*SUPPLIED DATA*

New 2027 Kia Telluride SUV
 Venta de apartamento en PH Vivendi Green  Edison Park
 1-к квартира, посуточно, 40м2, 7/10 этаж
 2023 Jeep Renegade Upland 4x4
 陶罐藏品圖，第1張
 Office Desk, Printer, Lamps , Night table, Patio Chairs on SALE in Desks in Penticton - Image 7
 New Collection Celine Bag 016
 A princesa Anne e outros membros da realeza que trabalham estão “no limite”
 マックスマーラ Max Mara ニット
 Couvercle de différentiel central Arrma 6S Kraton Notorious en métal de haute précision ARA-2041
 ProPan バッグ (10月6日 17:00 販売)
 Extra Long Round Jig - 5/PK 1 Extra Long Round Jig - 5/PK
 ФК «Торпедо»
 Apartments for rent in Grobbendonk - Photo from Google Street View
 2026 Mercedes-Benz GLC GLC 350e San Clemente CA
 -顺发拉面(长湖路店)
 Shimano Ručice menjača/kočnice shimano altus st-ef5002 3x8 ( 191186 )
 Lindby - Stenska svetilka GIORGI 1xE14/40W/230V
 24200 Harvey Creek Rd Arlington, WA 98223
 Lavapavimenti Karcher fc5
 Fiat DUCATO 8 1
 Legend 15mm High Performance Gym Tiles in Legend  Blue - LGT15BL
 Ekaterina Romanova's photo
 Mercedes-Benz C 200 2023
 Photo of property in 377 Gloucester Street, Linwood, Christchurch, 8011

*WORK TO COMPLETE*
Once the line containing "24200 Harvey Creek Rd Arlington, WA 98223" is found, please retype it and every remaining line of the listing above, exactly, with nothing else.

*WRITTEN RESPONSE*
 24200 Harvey Creek Rd Arlington, WA 98223
 Lavapavimenti Karcher fc5
 Fiat DUCATO 8 1
 Legend 15mm High Performance Gym Tiles in Legend  Blue - LGT15BL
 Ekaterina Romanova's photo
 Mercedes-Benz C 200 2023
 Photo of property in 377 Gloucester Street, Linwood, Christchurch, 8011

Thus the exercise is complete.